In almost every case, a day of bond market improvement results in rates moving lower. That makes sense considering mortgage rates are based primarily on bonds. But there are days when the correlation breaks down. Today is one of them!
These periodic breakdowns can happen for several reasons. The most common is due to the timing and magnitude of various bond market movements. Specifically, bonds lost ground yesterday afternoon late enough in the day and in small enough measure that the average mortgage lender didn’t do much about it. Lenders instead chose to adjust this morning’s rate sheets lower to account for yesterday’s weakness.
But today’s official assessment of bond market strength/weakness is based on the end-of-day levels (which, again, had deteriorated in the final minutes). So in day-over-day terms, bonds are stronger. But compared to the last time mortgage lenders put out rate sheets, bonds are weaker. That’s the the most basic reason for the discrepancy.
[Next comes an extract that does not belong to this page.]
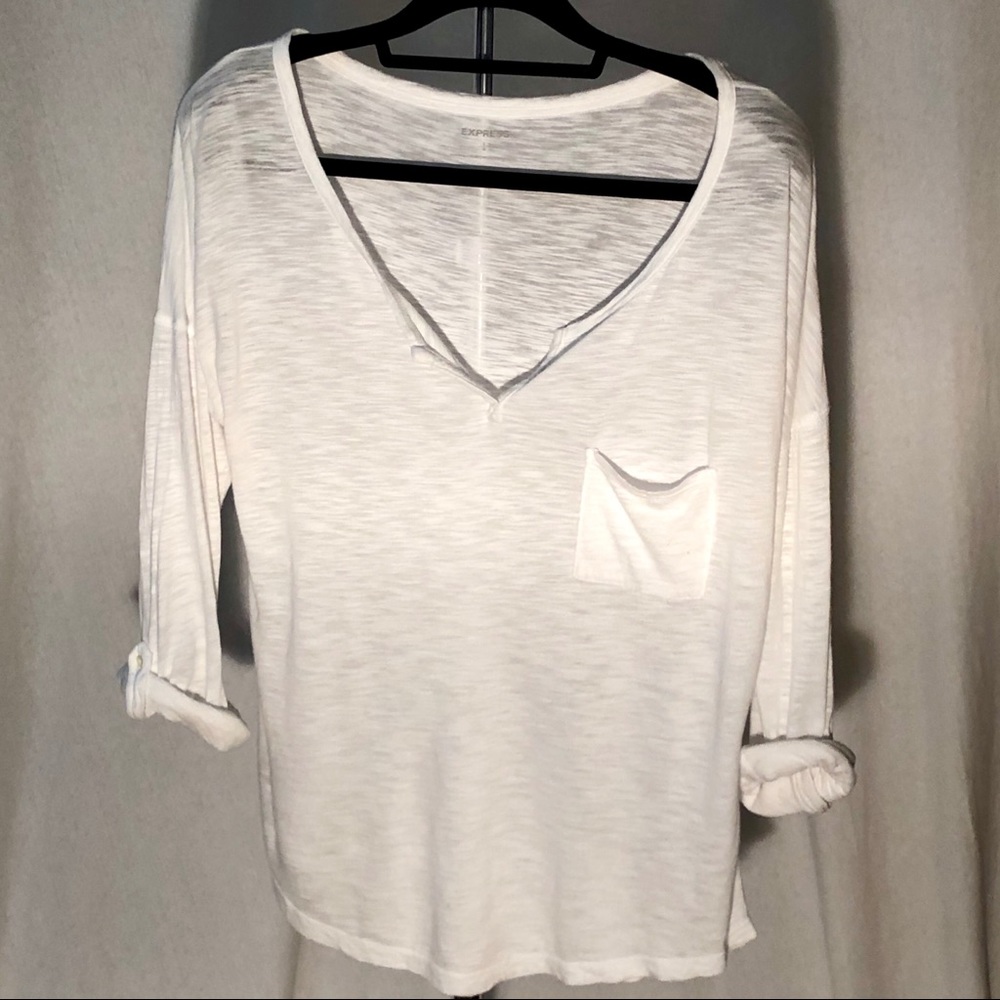 Express 3/4 V-Neck Top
On a slightly more complex note, we could talk about the separate bonds the comprise the US Treasury market and the mortgage-backed securities market. Mortgage bonds aren’t doing as well today. They’re just barely stronger whereas US Treasuries are faring much better.
The net effect is an average 30yr fixed rate that is modestly higher compared to yesterday’s latest levels, but still not as high as those seen on the first two days of the week.